Speaking at an event in London, Norgrove disagreed with the sentiment that the regulator was a guardian for the privileged minority. He pointed out that the number of people in DB schemes has declined substantially under successive government regimes.
There was a reasonable chance that DB schemes would have run into trouble in the future anyway.
The National Association of Pension Funds -said defined benefit liabilities and uncertainty over pension regulation will see employers struggling to make ends meet - or just providing the most basic pensions packages they can get away with.
NAPF chief executive Christine Farnish stated that increasing costs, greater risk burdens and "chunky cheques" would become a drain on company balance sheets.
Farnish also questioned whether the hastily passed Pensions Act "with clauses still being added at the eleventh hour" resulted in a missed opportunity of having a better regulatory framework for the UK pensions industry.
Farnish asked whether the Pensions Act and its two new "powerful creatures" - the Pensions Regulator and the Pension Protection Fund - were a proportionate response to Britain's pension situation.
She accused the regulator of having a narrow focus on protecting those in the very narrow system of DB schemes.

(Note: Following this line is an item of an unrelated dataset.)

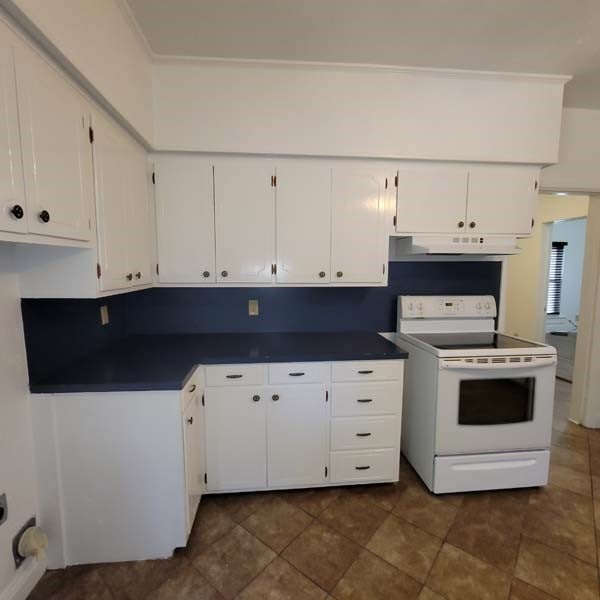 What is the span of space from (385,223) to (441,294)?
2.76 feet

"If you not in one then tough luck because the opportunity of being in one in the future is very small," said Farnish.
"The protection of DB members at all costs is an unfortunate piece of history we have to live with."

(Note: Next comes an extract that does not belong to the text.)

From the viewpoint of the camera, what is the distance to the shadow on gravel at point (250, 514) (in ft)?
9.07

Alan Pickering, senior advisor at Watson Wyatt and a former chairman of the NAPF, supported the Pensions Regulator to some extent, stating that given the "straightjacket" of regulations in which the Regulator operates, it is proportionately risk-based.
"It is a case of so far, so good," he said.
Norgrove stated that the Regulator would confirm the scheme funding regime in January/February 2006, and publish the analysis of scheme returns - the first statement of DB pensions.